5. AED, PEDS, RME and Psych ED patient tracking
Assigned staff member: Area charge RNs
Write patients on the white boards.  In the AED, color code green and purple team patients. 
Continue documentation on the HH107 (adult) HH868 (peds) and Addendum HH107A
-The ED clerk will keep a set of logs of patient departure times and dispositions.
6. Lab Ordering
-Call the laboratory supervisor to notify him or her of the problem.  Ask whether the ORCHID Lab Information System.
-Lab and radiology orders should be written on the appropriate forms from downtime box C (eg, x-ray, hematology, chemistry, etc).  If a particular form is out, use the miscellaneous lab form. 
7. Lab Results
-The lab will print lab results and fax or tube them to the ED.
-Distribute lab results to the providers as they arrive.
8. Radiology Results
If Synapse is down, you will need to view images on the machine on which they were shot (eg, CT scanner, X-ray machine, or portable x-ray machine).  For CT reads, call the reading room x7295 (daytime).  At night page the radiology resident at 5814 to come down and make preliminary reads on the scanner.  Ask if radiology can dedicate a staff member to the ED.
9. Medication ordering
-Medication orders are written on an HH929 Supplemental Prescriber’s Orders and given to the patient’s nurse.
10. Physician documentation
-Physicians should document on the 253 forms.
11. Divert patients and notify necessary stakeholders
-Assigned staff: Attending MD
-The extent of the closure should be determined by the attending, charge nurse, and administrator on duty.  For example, a crash of FirstNet only may allow us to remain open to trauma, while failure of all network systems would require diversion of all ambulance traffic.
-“ED Saturation” is a closure to Advanced Life Support ambulances, remaining open to trauma, STEMI, and BLS ambulances.

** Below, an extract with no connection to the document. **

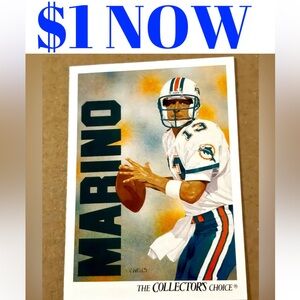Dan Marino 1991 Upperdeck Miami Dolphins NFL Football Card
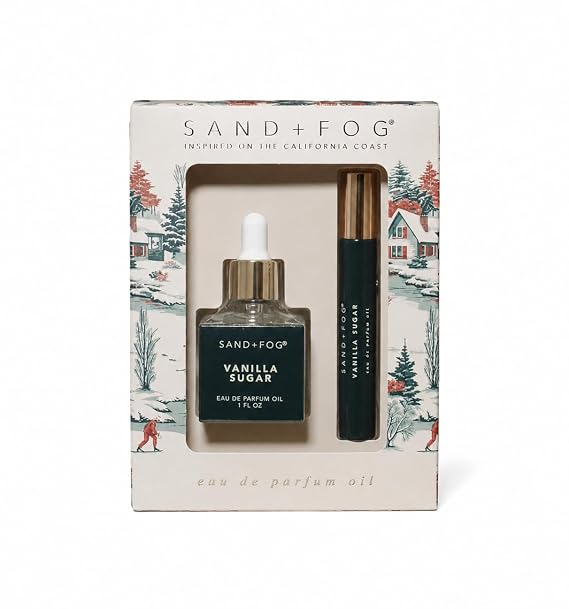 Sand + Fog Vanilla Sugar Eau De Parfum Oil Set, 1 fl oz Dropper and 0.33 fl oz Roller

-“Internal Disaster” closes to ALL ambulances, including trauma and STEMI.  Consider involving the trauma and cardiology attending in the decision to go on internal disaster.
-Notify the nursing supervisor, who will call the administrator on duty.  Discuss whether to open the hospital emergency operations center to provide additional planning resources.
-Notify the MICN to place us on the appropriate level of diversion to ambulance traffic.
-If access to Redinet is down, the MICN should call the MAC, who can update Redinet
-If needed, the nursing supervisor can call MLK and ask them to stop sending patients.
-Email (and call during daytime hours hours) and Director of Emergency Informatics Ross Fleischman (rossf@emedharbor.edu 310-683-0312).
12. Admissions
-Call bed control with each admission so they can search for a bed
13. Discharges
-Write discharge instructions on paper and summarize on the 253.
-Write prescriptions on paper and note them on the 253
14. Orders for admitted patients
-Write on paper.  Fax medications to pharmacy.
15. After recovery
-When the system comes back up, clinicians should stop documenting on paper and continue documentation in ORCHID.
-Patients who were in ORCHID prior to the downtime but discharged during the downtime will need their chief complaint, arrival time, diagnosis, disposition, providers, last room, and time left ED entered in ORCHID by the charge nurse.
-Patients who arrived during the downtime but remain in the ED after recovery should be placed into ORCHID by the nurse caring for the patient. 
16. Post-recovery registration
-See registration downtime instructions
-Email Elaine Perez and Mario Trejos there was a downtime so they can check the levels of forms.